Tatsächlich stieg die Familie Kirchner während ihrer Zeit als Berufspolitiker zu Multimillionären auf. Es gibt Hotels und Ländereien, die zu ihrem Besitz zählen. Die letzten Jahre sind voll von bizarren Kuriositäten bis hin zu einem kirchnernahen Funktionär, der dabei gefilmt wurde, wie er Geldsäcke über die Mauern eines Klosters warf. Das Gericht muss nun entscheiden, wie es die Beweislage und die Ermittlungen des Staatsanwaltes bewertet.

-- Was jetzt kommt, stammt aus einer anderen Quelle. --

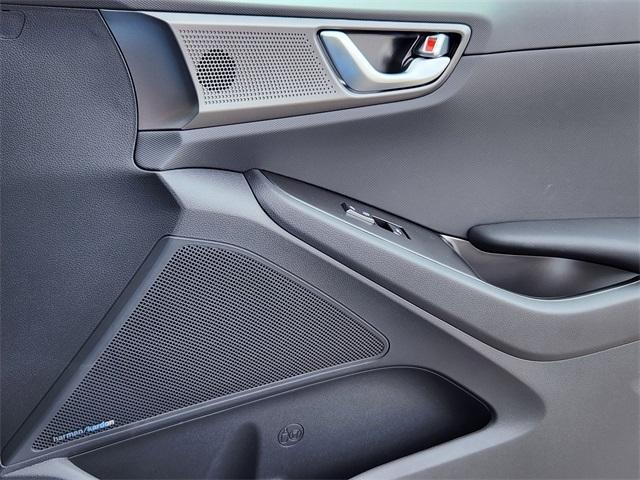 used 2022 Hyundai Ioniq Hybrid car, priced at $22,700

Die schlüsselte auf, dass eine Firma eines Kirchner-Vertrauten rund 80 Prozent aller öffentlichen Straßenbauaufträge in Kirchners Heimatregion Santa Cruz zugeschanzt bekommen haben soll. Das lukrative Geschäftsmodell: Aus den überhöhten Baukosten kassierte das Ehepaar Kirchner eine Art Provision. Kirchner bestreitet das vehement. Den eigenen Reichtum erklärt die Familie mit „erfolgreichen Investitionen“ sowie mit den Einkünften aus der Beratungstätigkeit als Juristen.

Das Verfahren droht das Land zu spalten

Das alles trifft Argentinien inmitten einer schweren Wirtschaftskrise und vor den Präsidentschaftswahlen im kommenden Jahr. Ein politisches Alphatier wie Cristina Kirchner im Gefängnis würde ihre Anhängerschaft mobilisieren und das ohnehin vergiftete Klima im Land noch weiter anheizen. Es ist denkbar, dass Kirchner dann eine erneute Kandidatur ankündigt und die Wahlen so zu einer Abstimmung über ihre Schuld oder Unschuld werden. Kirchner gilt als eine der wichtigsten und prominentesten Politikerinnen der lateinamerikanischen Linken und ist bestens vernetzt mit anderen Linkspolitikern der Region. Die meisten ihrer internationalen Kontakte stellten sich hinter Kirchner. Umgekehrt würden ihre Gegner einen Freispruch wohl ebenso wenig akzeptieren und ihrerseits die Menschen mobilisieren, um auf die Straße zu gehen. Ein freiwilliger Rückzug Kirchners gilt als ausgeschlossen.

Doch erst einmal geht das lange Tauziehen weiter. Das Urteil gegen Kirchner wird für Ende des Jahres erwartet. Anschließend kann beim Obersten Gerichtshof noch Einspruch eingelegt werden. Ein rechtskräftiges Urteil könnte dann erst in ein paar Jahren erwartet werden.